# [EXERCISE DATA]
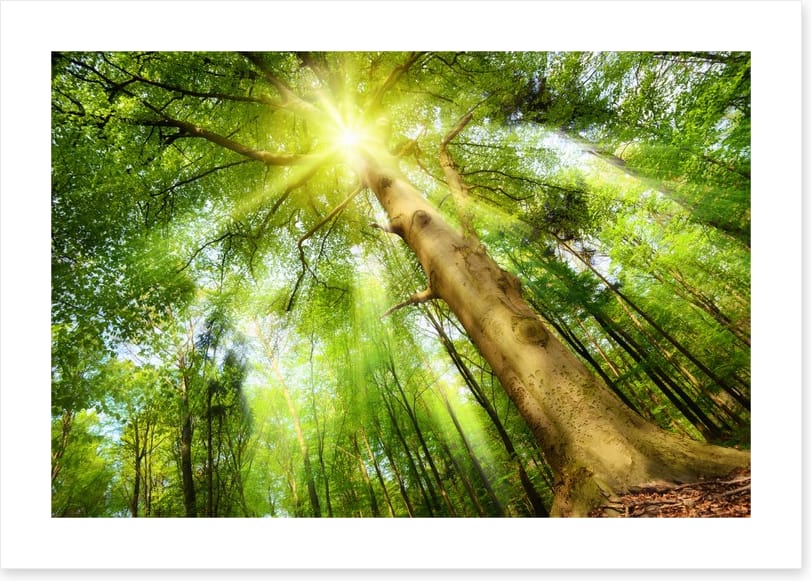 Beech for the sky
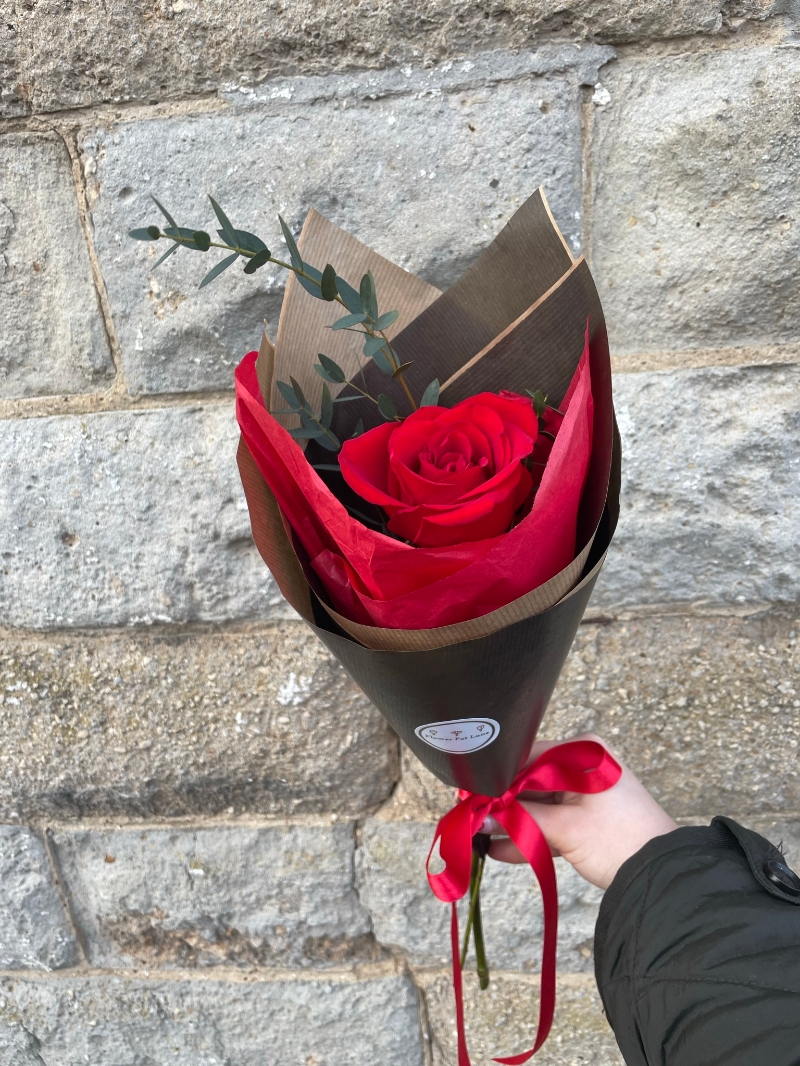 Single Red Rose Wrapped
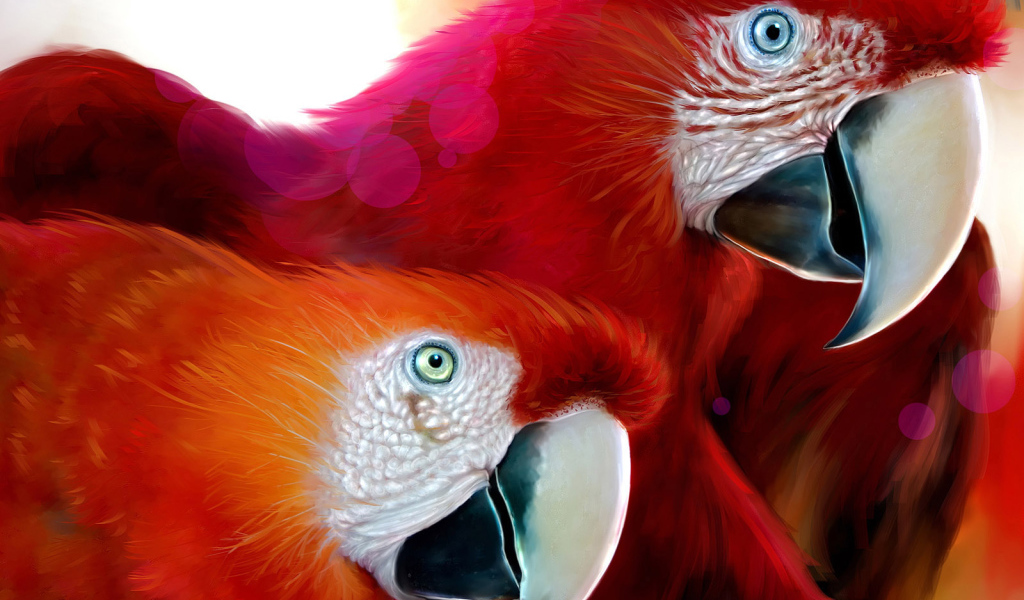 Красные попугаи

# [YOUR GOAL]
Output the material above exactly, without pictures.

# [EXERCISE RESPONSE]
 Beech for the sky
 Single Red Rose Wrapped
 Красные попугаи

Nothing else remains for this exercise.